The implementation of a low-temperature heating and cooling system in Bridgeport, Connecticut, USA, has made the formerly languishing city a frontrunner in clean and efficient energy production.
The United States relies primarily on steam heating, which can be a costly affair to operate and maintain as well as being a potential safety hazard.
Located 100 km/65 miles northeast of New York City on the New York-Boston corridor, Bridgeport makes out a perfect model for low-temperature district heating with its 150,000 inhabitants and available surplus heat. A traditional steam system would never be feasible, but the hot water system is.
The conversion to district heating has helped the city of Bridgeport back on the map as a green and sustainable city after several years of decline. In honor of this transformation, Bridgeport won the 2016 Mayors’ Climate Protection Award at the US Conference of Mayors in Indianapolis this year.
In Copenhagen, Denmark, 97% of the city’s 35,000 buildings are heated by a district heating system. The thermal energy is largely supplied using waste heat from various combined heat and power plants. Inspired by the Copenhagen model, Bridgeport has chosen to use a similar method to create a low-temperature heating and cooling system.
The system uses waste heat from the existing waste-to-energy plant and a new fuel cell plant to provide low-temperature heat to downtown private businesses, city and state buildings, a sports arena and two universities. The heat from the waste-to-energy plant is not utilised today, but is simply emitted to the surroundings. Heat with a temperature of approx. 200F is distributed in underground pipes to each building. Each building will have a heat exchanger instead of an individual gas boiler, and this will free up space and is easier to maintain.

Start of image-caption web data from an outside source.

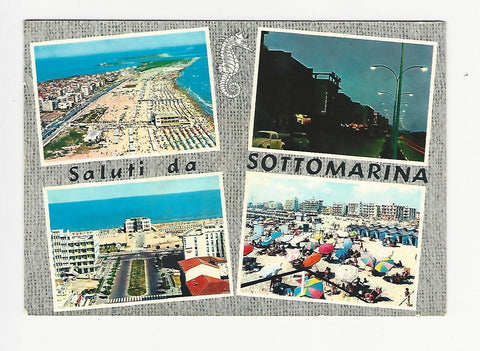 AK Saluti da Chioggia.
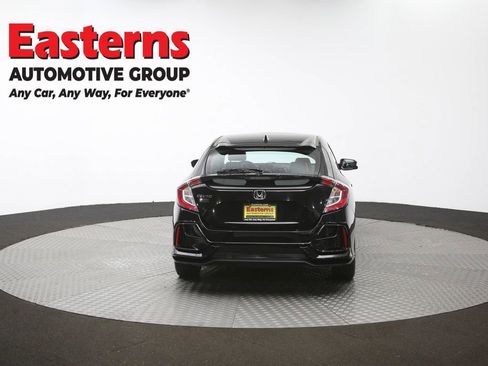 Used 2020 Honda Civic EX-L image 38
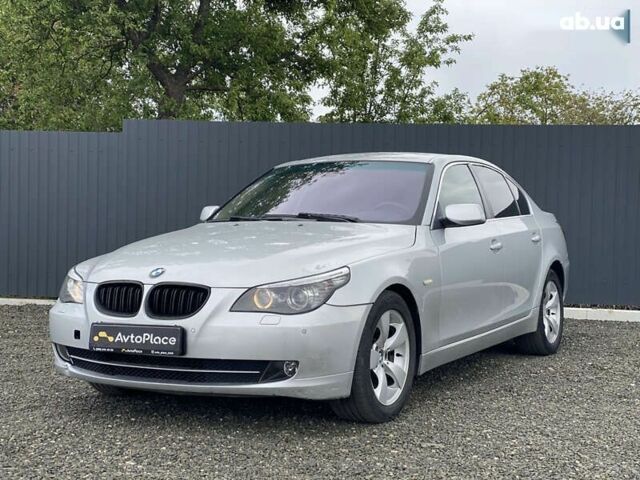 БМВ 5 Серія, об'ємом двигуна 2 л та пробігом 292 тис. км за 9800 $, фото 15 на Automoto.ua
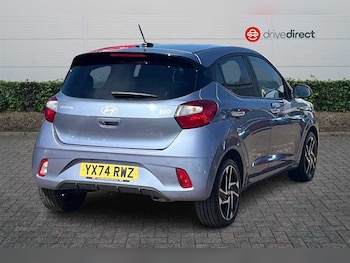 Used Hyundai i10 2024 for sale - 78626043: Photo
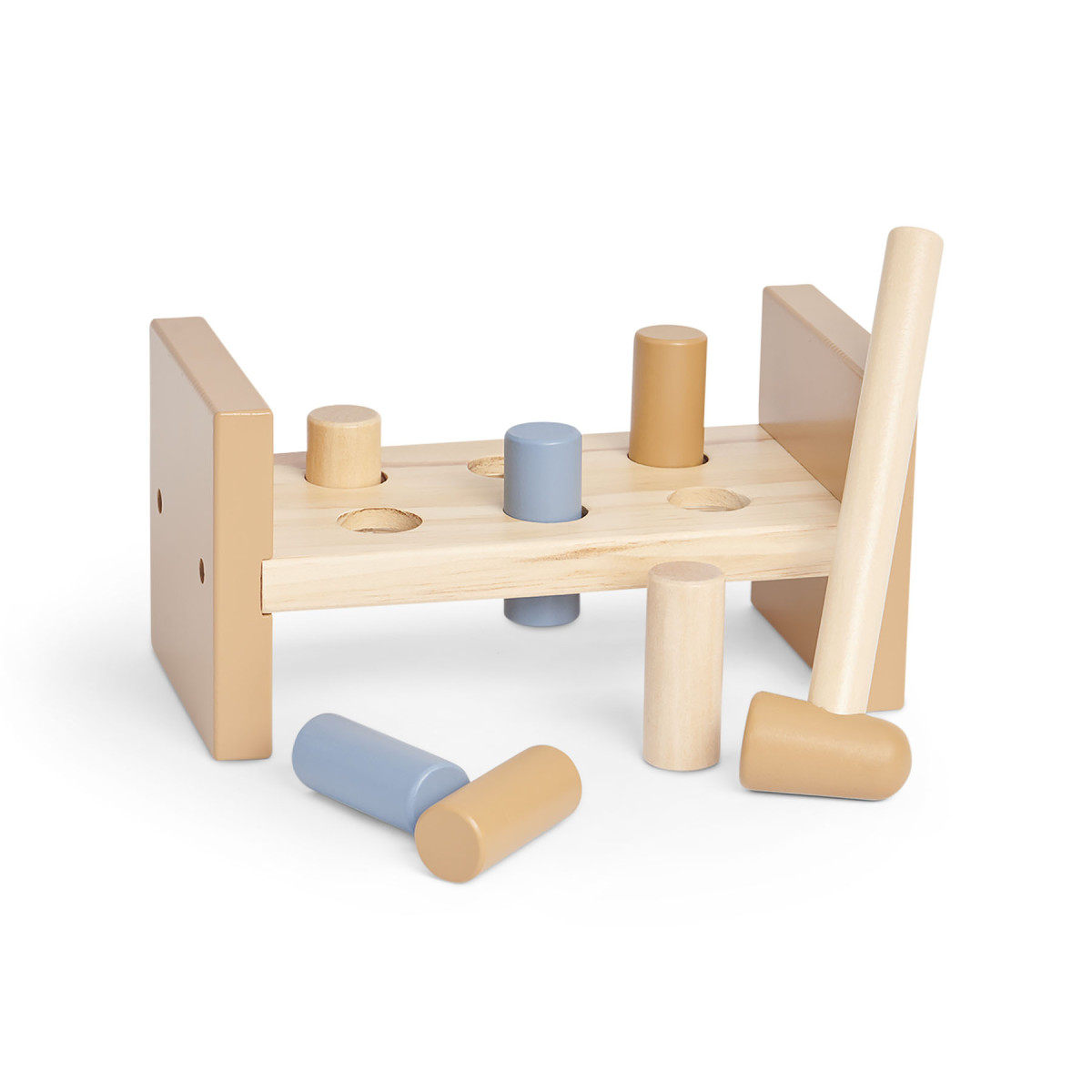 Jollein drvena edukativna igračka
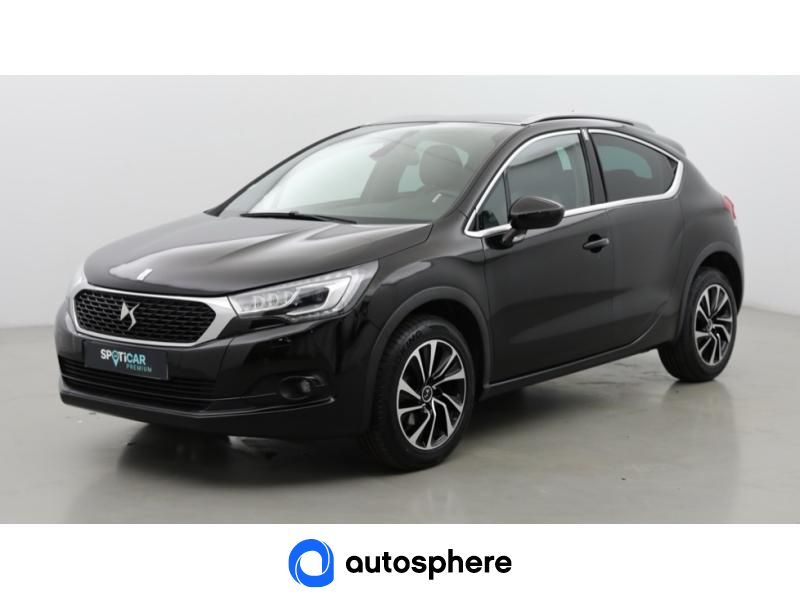 DS DS 4 CROSSBACK PURETECH 130 CONNECTED CHIC S&S - Photo 1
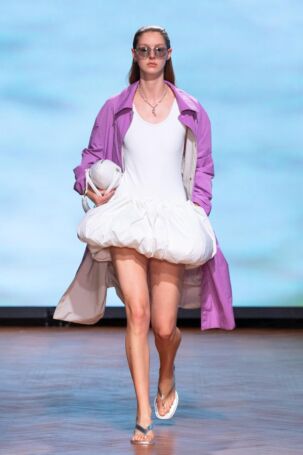 7/49 | Kent&Curwen | Spring 2026 | Courtesy of Kent&Curwen Kent&Curwen | Spring 2026 | Courtesy of Kent&Curwen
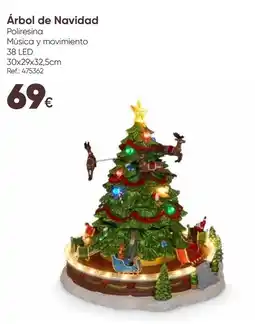 Hôma Árbol de Navidad promoção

But while there are many benefits resulting from the transition to district energy there are also some challenges related to the task of implementing a European system in the US.
- One of the challenges related to this project has been how to provide the right kind of pipes. In Europe we use thinner pipes, and there are no manufactures of this kind of pipes in the US, so we had to import them by working closely together with Danish suppliers such as ABB and Logstor, says Project Manager at Ramboll, Jens Ole Hansen.
The project will most importantly provide cost-effective heat to Bridgeport. Another key benefit is a 78% reduction of greenhouse gas emissions, amounting to 13,000 tonnes a year.
Jens Ole Hansen explains in more general terms what the local community gains from the green transition:
- The new system in Bridgeport will create jobs in the construction phase while supplying buildings across the city with cleaner energy. It will also help increase energy efficiency, resulting in cost savings for the public sector and a more attractive business sector with better investment options for private companies, he says.
Another advantage is that the district heating system is more robust and resistant to super storms, which is a frequent phenomenon in the area.
- During Sandy several major power stations were out, while the local European-inspired systems remained in function. Furthermore, it is important to do everything you can to keep down Co2 emissions and thereby try to work against rising sea levels when you live in a coastal area such as Bridgeport, Jens Ole Hansen says.
Connecticut developer Nupower Thermal LLC is developing the district heating system in Bridgeport and has hired Ramboll as lead designer.
Ramboll provides the overall concept and performance specifications, develops the tender material for the EPC contractor bid and is the owner’s engineer during the construction and commissioning phase.
On the production side Ramboll is designing the heat extraction at the waste-to-energy plant, the extraction at the fuel cell plant as well as the peak load gas-fired boilers. Ramboll is also designing the heating network.
Finally Ramboll has teamed up with two local sub-consultants - Smith Engineering, NYC and Milone & MacBroom, CT - for the survey and design of the energy transfer stations.